American metallurgist

Christopher A. Schuh (born August 4, 1975) is an American metallurgist. He is the current dean of the McCormick School of Engineering at Northwestern University. Previously, he was the Danae and Vasilis Salapatas Professor in Metallurgy in the Department of Materials Science and Engineering at the Massachusetts Institute of Technology, where he spent 21 years.

Schuh was elected as a member into the National Academy of Engineering in 2019 for contributions to design science and application of nanocrystalline metals.

==Early life and education==
Schuh was born on August 4, 1975. He earned his Bachelor of Science from the University of Illinois at Urbana–Champaign before attending Northwestern University's Robert R. McCormick School of Engineering and Applied Science for his PhD. Schuh conducted his postdoctoral fellowship at Lawrence Livermore National Laboratory from 2001 to 2002.

==Career==
Schuh joined the faculty of Materials Science and Engineering at the Massachusetts Institute of Technology in 2002 as an assistant professor. Within two years, he was the recipient of the Presidential Early Career Award for Scientists and Engineers for his experimental and theoretical research. Schuh was shortly thereafter promoted to associate professor without tenure, during which he co-discovered a safer method for shrinking crystals for metal alloys. By 2009, Schuh's research team developed a nickel-tungsten alloy that is considered safer and more durable than chrome. He was also granted tenure, and received the 2009 Young Alumnus Award from the University of Illinois at Urbana–Champaign.

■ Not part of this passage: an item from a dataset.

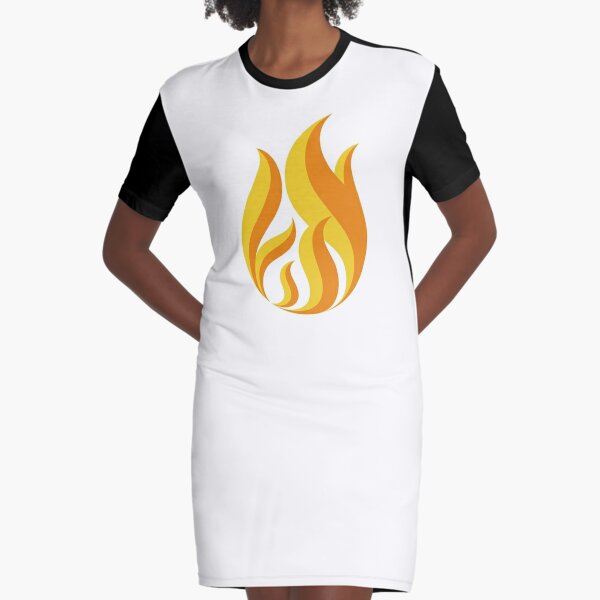 Fire Emoji Dresses Redbubble - fiery shirt roblox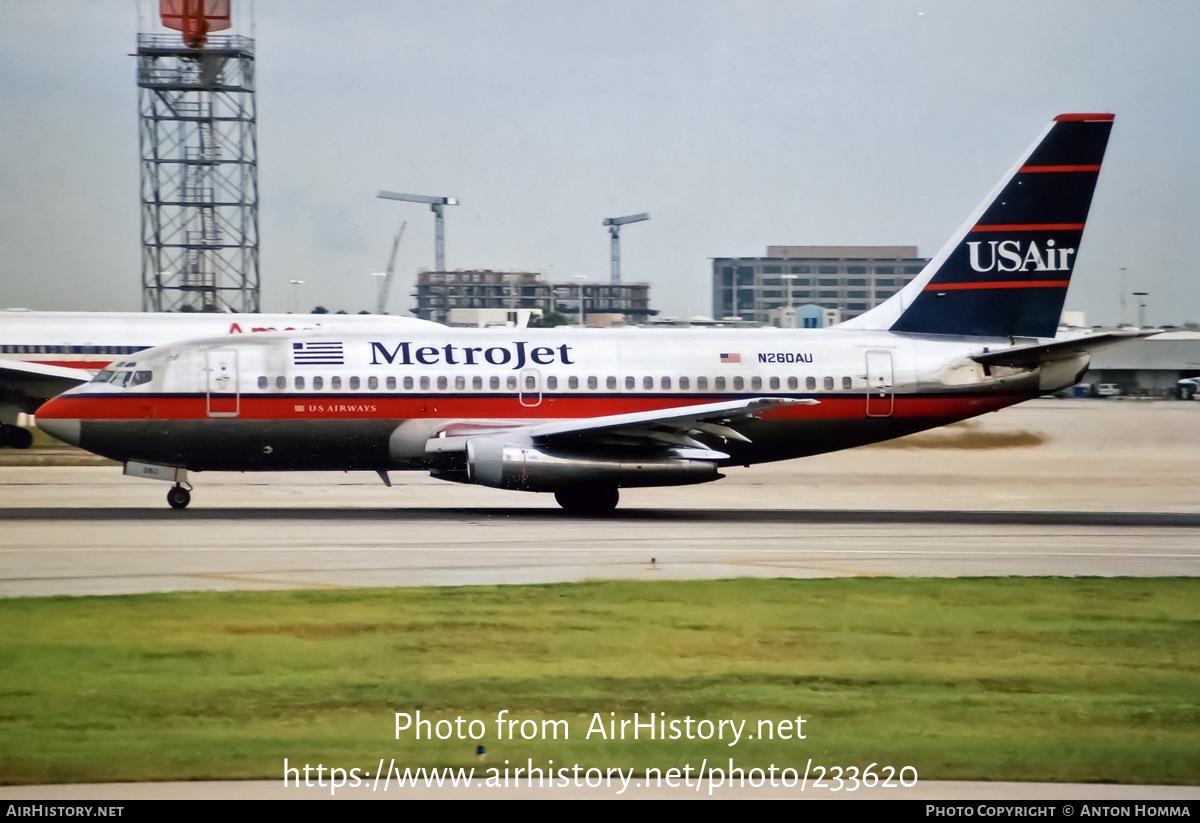 Aircraft Photo of N260AU | Boeing 737-201/Adv | Metrojet | AirHistory.net #233620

In 2011, Schuh was elected a MacVicar fellow for undergraduate teaching excellence and received the SAE International Ralph R. Teetor Education Award. He was later appointed head of the Department of Materials Science and Engineering, succeeding Carl Thompson. The following year, Schuh, Tongjai Chookajorn, and Heather Murdoch co-developed a method to produce nanocrystals, alloys made of tiny grains which hold exceptional strength and other properties. By 2013, Schuh's research team developed a method of making minuscule ceramic objects flexible and able to hold “memory” for shape.

He also led a team of researchers through a high-speed imaging impact process, which could help engineers design materials for erosion protection in the future. They used the data collected from the study to predict the response of particles of a given size traveling at a given speed. In 2019, Schuh was elected a Member of the National Academy of Engineering, and fellow of the National Academy of Inventors.